• _Given records_

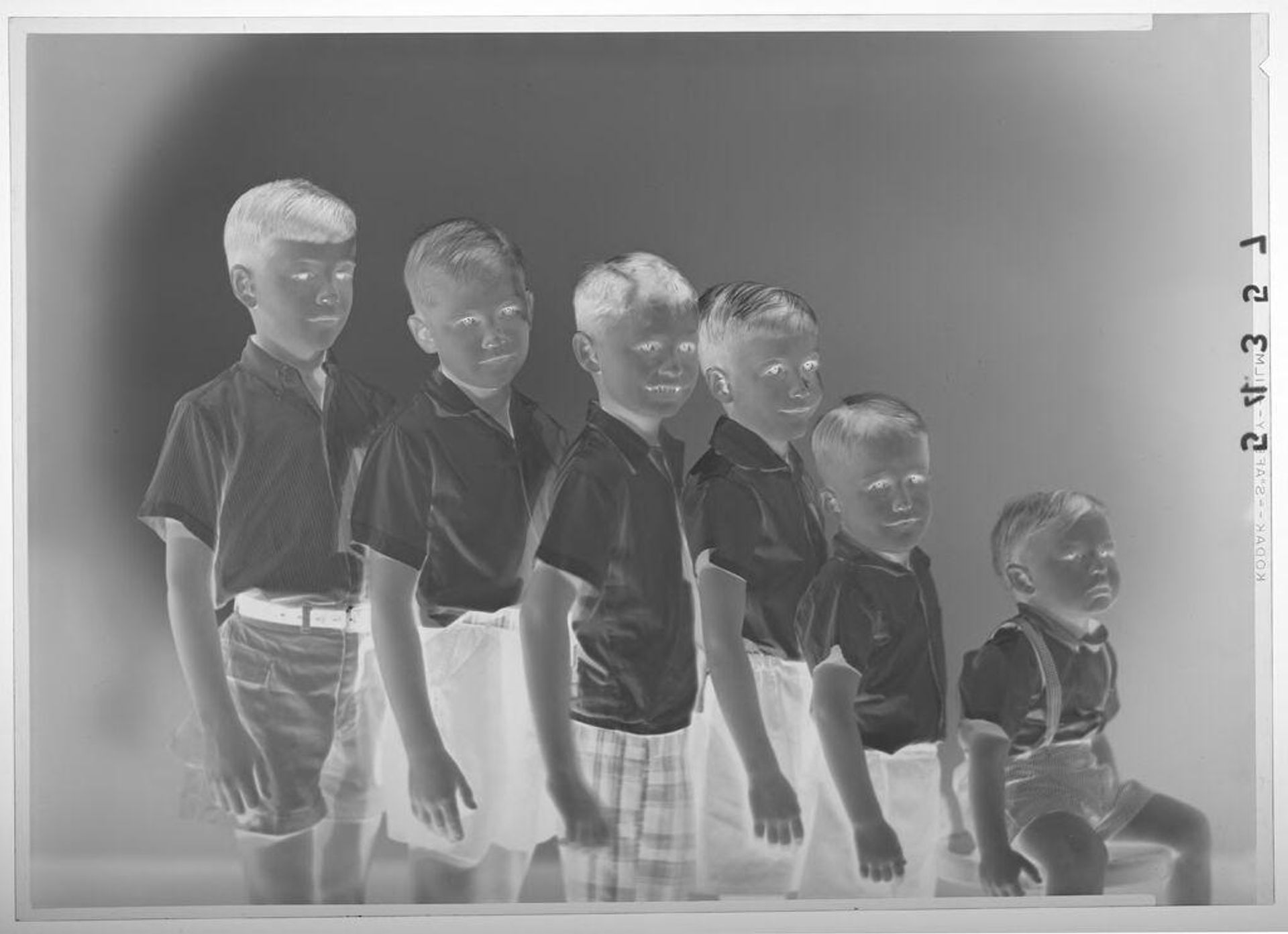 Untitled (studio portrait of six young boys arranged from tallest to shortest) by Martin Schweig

--

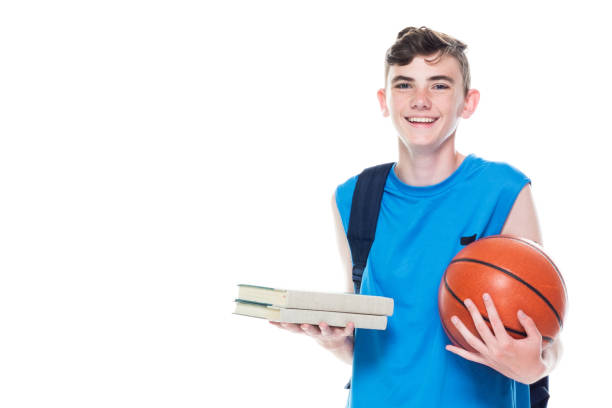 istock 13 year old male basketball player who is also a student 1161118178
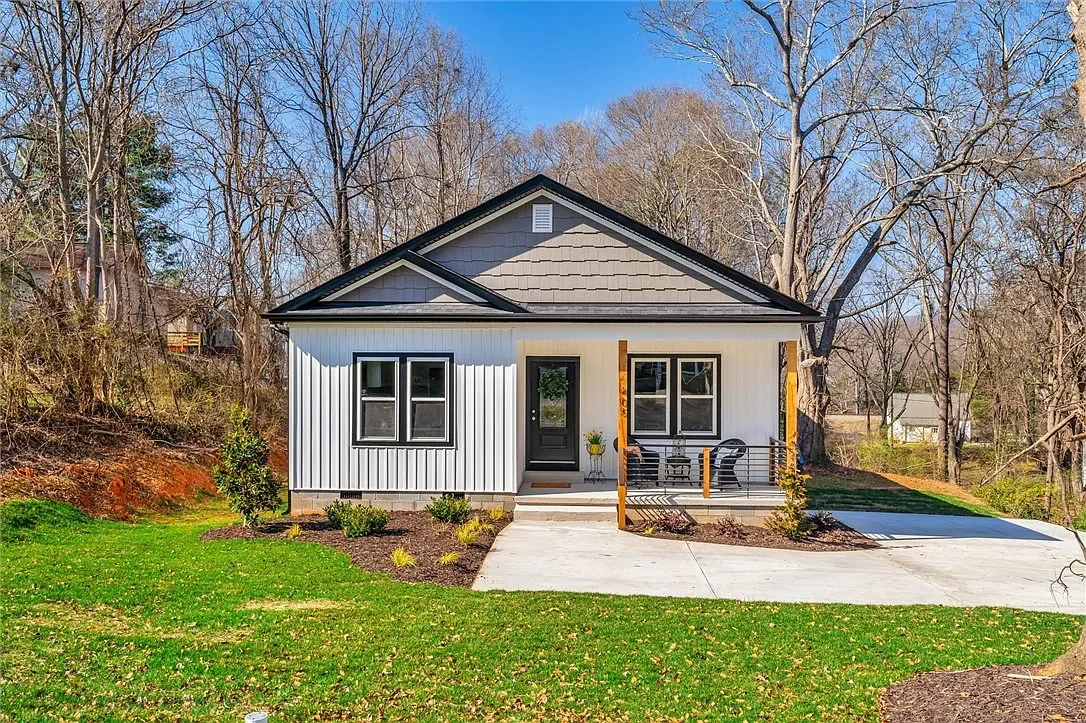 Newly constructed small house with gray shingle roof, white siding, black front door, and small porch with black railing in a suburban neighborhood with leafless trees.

• _Task description_
Using the entries above, repeat exactly the lines from the one with "istock 13 year" to the one with "Newly constructed small", both included, and leave the pictures behind.

• _Task output_
 istock 13 year old male basketball player who is also a student 1161118178
 Newly constructed small house with gray shingle roof, white siding, black front door, and small porch with black railing in a suburban neighborhood with leafless trees.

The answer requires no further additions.